Es ist kein gutes Bild, das die Leitung der FH Trier abgibt und doch ist es nicht untypisch. Vermutlich jeder Kreative bekommt es im Laufe seiner Tätigkeit mit Auftraggebern zu tun, die glauben, man könne das Fehlen von Konzepten durch Aktionismus ausgleichen. Ein paar schlecht bezahlte Scribbels eignen sich als Fundament einer (Unternehmens)Identität in etwa so gut, wie eine Insel aus Sand, auf der ein Turm errichtet werden soll. Vor der Kreation liegt die Konzeption. Ohne Konzept ist jegliche Gestaltung Dekoration. Der vermeintliche Erfolg von Design-Crowdsourcing-Angeboten geht nicht zuletzt auf den Mangel an Führungsqualitäten zurück und er entlarvt Defizite im Bereich der Unternehmenskultur. Dass diese Defizite ausgerechnet dort sichtbar werden, wo die Visualisierung von Unternehmensidentitäten unterrichtet wird, ist alles andere als eine Petitesse.

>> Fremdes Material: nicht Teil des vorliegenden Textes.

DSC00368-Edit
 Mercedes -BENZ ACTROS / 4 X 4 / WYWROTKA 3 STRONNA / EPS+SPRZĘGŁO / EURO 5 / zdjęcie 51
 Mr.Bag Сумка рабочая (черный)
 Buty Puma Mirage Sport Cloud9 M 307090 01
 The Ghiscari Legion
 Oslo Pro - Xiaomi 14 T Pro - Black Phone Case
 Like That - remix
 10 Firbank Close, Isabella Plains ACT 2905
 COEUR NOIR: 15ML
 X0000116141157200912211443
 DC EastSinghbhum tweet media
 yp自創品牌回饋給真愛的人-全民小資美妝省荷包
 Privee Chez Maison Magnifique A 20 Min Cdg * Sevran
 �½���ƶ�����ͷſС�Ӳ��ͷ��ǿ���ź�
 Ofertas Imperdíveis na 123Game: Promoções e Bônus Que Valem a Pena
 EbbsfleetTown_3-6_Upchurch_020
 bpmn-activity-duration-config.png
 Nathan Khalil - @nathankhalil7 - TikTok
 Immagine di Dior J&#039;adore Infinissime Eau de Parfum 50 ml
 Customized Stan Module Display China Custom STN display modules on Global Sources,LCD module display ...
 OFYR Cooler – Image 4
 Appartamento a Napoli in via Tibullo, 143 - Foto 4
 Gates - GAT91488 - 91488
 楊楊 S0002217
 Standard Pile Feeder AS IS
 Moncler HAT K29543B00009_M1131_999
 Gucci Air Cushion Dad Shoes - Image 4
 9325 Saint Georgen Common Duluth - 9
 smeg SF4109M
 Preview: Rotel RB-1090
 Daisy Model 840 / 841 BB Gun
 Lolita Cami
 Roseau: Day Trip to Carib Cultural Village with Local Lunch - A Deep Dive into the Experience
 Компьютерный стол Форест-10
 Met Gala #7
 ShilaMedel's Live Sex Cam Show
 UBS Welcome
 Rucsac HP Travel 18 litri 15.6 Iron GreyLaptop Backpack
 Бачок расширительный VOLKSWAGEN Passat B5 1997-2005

Heute endet die Ausschreibung auf 12Designer. In 4 Wochen haben letztendlich 8 Designer 13 Entwürfe eingereicht, was, soweit ich das überblicke, eine äußert geringe Beteiligung für ein Projekt darstellt. Und das ist gut so. Offensichtlich haben die meisten Kreativen erkannt, dass sie sich ins eigene Fleisch schneiden, wenn sie bei derlei Ausschreibungen tätig werden würden.

Das Crowdsourcing der FH-Trier ist ein Lehrstück in Sachen „Wie Corporate Design NICHT entstehen kann“. Wer es besser machen will, schaut sich den von dt-Leser matt erstellten 6-Punkte-Plan an oder orientiert sich an dem von Prof. Alex Kolaschnik skizzierten Vorgehen. Beispiele wie die an der TU Braunschweig oder an der FH Aachen (cd-labor.de) zeigen, dass es auch anders geht, dass es besser geht. Ich bin gespannt, welche Richtung man bei der FH Trier gedenkt einzuschlagen. Ich werde den Weg verfolgen. Vor dem Corporate Design – und das hat dieser Fall aufgezeigt – steht die Identitätsfindung. Es wäre allen Beteiligten zu wünschen, wenn sich die Hochschulleitung in der zweiten Phase für die Zusammenarbeit mit Fachleuten entschied, anstatt diese zu übergehen.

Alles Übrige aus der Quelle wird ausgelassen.